Cytoplasmic MTDH associates with mRNAs. Homo sapiens

To examine whether MTDH is a novel RNA binding protein and regulates either metabolism or translation of various mRNAs, we performed a RNA-binding protein immunoprecipitation (RIP) with MTDH and IgG antibodies, and the resulting immunoprecipitated RNA was subjected to a microarray to identify transcripts associating with MTDH. In addition we tested the effect of PI3K inhibition using BEZ235 (a dual PI3K/mTOR inhibitor) on the association of MTDH with target mRNAs. Overall design: The microarray was performed on three biological triplicates as well as three experimental triplicates of immunoprecipitated MTDH and IgG in Hec50co endometrial cancer cells. Magna RIP (RNA-binding protein immunoprecipitation, Millipore) Kit and microarray were used to immunoprecipitate MTDH associated RNAs and to identify mRNAs that associate with MTDH in the absence or presence of 100nM BEZ235 (LC Labs). Fold changes represent immunoprecipitated MTDH RNA compared to IgG immunoprecipitated RNA. Representative mRNAs associated with MTDH and the effect of BEZ235 on the association of MTDH with mRNAs are shown.

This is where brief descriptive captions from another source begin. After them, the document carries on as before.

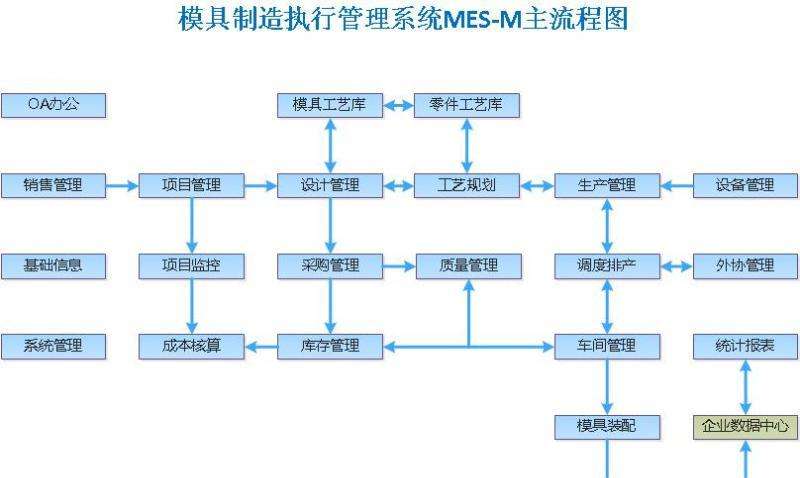 模具管理軟件.jpg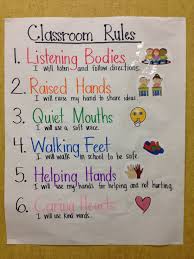 kindergarten and first grade classroom rules anchor chart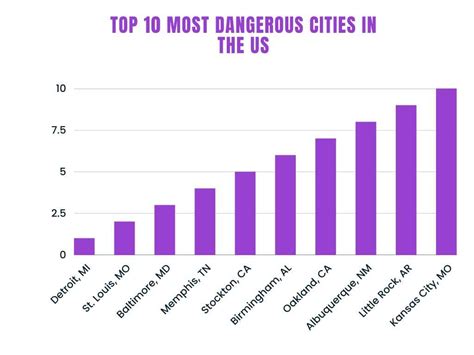 Top 10 Most Dangerous Cities In The US Knowladgey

为探究MTDH是否为新型RNA结合蛋白，及其是否调控多种mRNA的代谢或翻译过程，我们使用MTDH抗体与免疫球蛋白G（IgG）抗体开展了RNA结合蛋白免疫沉淀（RNA-binding protein immunoprecipitation, RIP）实验，并将免疫沉淀获得的RNA进行芯片检测，以鉴定与MTDH结合的转录本。此外，我们采用BEZ235——一种双靶点磷脂酰肌醇3-激酶/哺乳动物雷帕霉素靶蛋白（PI3K/mTOR）抑制剂——处理细胞，探究PI3K/mTOR通路抑制对MTDH与靶mRNA结合的影响。 实验整体设计：本芯片实验以Hec50co子宫内膜癌细胞为模型，针对MTDH免疫沉淀组与IgG免疫沉淀组，分别设置3次生物学重复与3次实验重复。我们使用密理博（Millipore）公司的Magna RIP（RNA结合蛋白免疫沉淀）试剂盒与芯片技术，分别在100nM BEZ235（LC Labs）存在或缺失的条件下，免疫沉淀与MTDH结合的RNA，并鉴定与之结合的mRNA。富集倍数指MTDH免疫沉淀组RNA与IgG免疫沉淀组RNA的信号比值。本研究展示了与MTDH结合的代表性mRNA，以及BEZ235对MTDH与mRNA结合的调控作用。